» **TASK TO COMPLETE**: Please copy each line below that contains the word "Photo".

» **Recorded data**:
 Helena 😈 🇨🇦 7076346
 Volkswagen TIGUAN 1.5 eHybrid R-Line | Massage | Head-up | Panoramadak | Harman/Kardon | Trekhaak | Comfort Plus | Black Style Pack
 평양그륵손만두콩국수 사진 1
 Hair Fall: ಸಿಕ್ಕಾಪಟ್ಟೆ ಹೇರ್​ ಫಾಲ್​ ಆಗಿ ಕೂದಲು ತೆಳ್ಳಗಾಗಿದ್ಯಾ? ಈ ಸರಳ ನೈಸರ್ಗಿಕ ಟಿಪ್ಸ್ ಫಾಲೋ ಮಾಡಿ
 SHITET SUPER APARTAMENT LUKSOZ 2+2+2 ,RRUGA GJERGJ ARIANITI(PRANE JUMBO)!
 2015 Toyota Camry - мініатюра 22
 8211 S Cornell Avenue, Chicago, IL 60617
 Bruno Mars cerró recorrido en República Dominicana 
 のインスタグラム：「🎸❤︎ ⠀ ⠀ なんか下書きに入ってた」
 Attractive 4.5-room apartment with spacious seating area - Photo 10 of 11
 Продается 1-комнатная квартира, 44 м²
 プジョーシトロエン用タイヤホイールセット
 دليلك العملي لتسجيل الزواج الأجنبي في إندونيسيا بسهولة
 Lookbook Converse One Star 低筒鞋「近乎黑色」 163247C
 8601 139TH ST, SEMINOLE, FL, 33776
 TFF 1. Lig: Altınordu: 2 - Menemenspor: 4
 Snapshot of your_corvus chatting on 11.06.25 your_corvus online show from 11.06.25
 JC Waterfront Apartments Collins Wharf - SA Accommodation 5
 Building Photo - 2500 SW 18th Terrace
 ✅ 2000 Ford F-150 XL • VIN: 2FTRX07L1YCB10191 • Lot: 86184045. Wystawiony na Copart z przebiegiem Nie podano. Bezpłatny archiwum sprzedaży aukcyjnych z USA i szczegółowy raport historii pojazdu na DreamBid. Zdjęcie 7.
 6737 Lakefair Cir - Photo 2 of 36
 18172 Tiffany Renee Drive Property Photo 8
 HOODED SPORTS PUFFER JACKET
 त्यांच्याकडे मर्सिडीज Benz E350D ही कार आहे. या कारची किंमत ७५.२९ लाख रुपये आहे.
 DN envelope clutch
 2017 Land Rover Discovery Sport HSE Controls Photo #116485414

» **WRITTEN RESPONSE**:
 Attractive 4.5-room apartment with spacious seating area - Photo 10 of 11
 Building Photo - 2500 SW 18th Terrace
 6737 Lakefair Cir - Photo 2 of 36
 18172 Tiffany Renee Drive Property Photo 8
 2017 Land Rover Discovery Sport HSE Controls Photo #116485414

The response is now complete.